As for a normal classifier using MixupClassification class, the testing results (mode="test") will be "head0_top1": xxx, where head0 denotes the first classification head and topX denotes the top-X accuracy. As for the AutoMix classifier using AutoMixup class, the output will be acc_mix_q_topX, acc_mix_k_topX, acc_one_q_topX, and acc_one_k_topX, which means the top-X accuracy of the certain head (mix denotes the mixup head and one denotes the one-hot head). Please refer to the paper of AutoMix for details.

I hope these will be helpful to you. 😄

zeyuanyin commented 1 year ago

Thanks for your very detailed reply.

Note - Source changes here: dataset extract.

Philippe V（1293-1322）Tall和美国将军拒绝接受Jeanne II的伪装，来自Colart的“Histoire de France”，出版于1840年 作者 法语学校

It seems not clear about my first question statement, we use CrossEntropy to calculate the loss, but I want to know whether the input will apply mixup in training mode and not in the inference mode and whether the used target is one-hot or mixed in different modes.

Test code is

print('----args inference model')
logits = model(input, gt_label=dummy_label, mode="inference")
assert logits.shape == (4, 200)
criterion = nn.CrossEntropyLoss()
loss = criterion(logits, dummy_label)
print(loss)

print('----train')
model.train()
output = model(input, gt_label=dummy_label)
print(output)

print('----eval')
model.eval()
output = model(input, gt_label=dummy_label)
print(output)

The output is:

----args inference model
tensor(5.2924, device='cuda:0', grad_fn=<NllLossBackward0>)
----train
{'loss': tensor(16.6683, device='cuda:0', grad_fn=<AddBackward0>), 'acc_mix_q': tensor([0.], device='cuda:0'), 'acc_one_q': tensor([0.], device='cuda:0'), 'acc_mix_k': tensor([0.], device='cuda:0')}
----eval
{'loss': tensor(26.5577, device='cuda:0', grad_fn=<AddBackward0>), 'acc_mix_q': tensor([0.], device='cuda:0'), 'acc_one_q': tensor([0.], device='cuda:0'), 'acc_mix_k': tensor([0.], device='cuda:0')}

In my test result, the first loss calculated by logits and CrossEntropyLoss does not match the loss in model.eval model. There exists the difference among the loss calculation strategies.

Lupin1998 commented 1 year ago

As for the further question, mixup loss is applied to mode=train in the classification head (see ClsMixupHead class), and testing and inference modes will perform sample mixup. Please refer to the implementation of forward_train in AutoMixup for more details.

Lupin1998 commented 1 year ago

Hi, @zeyuanyin. I guess the above answers can be helpful to your questions. If you have further questions about mixup augmentations and AutoMix implementations, maybe we can discuss them through WeChat (finding me by Lupin_1998). I close this issue and you can open a new one for other questions.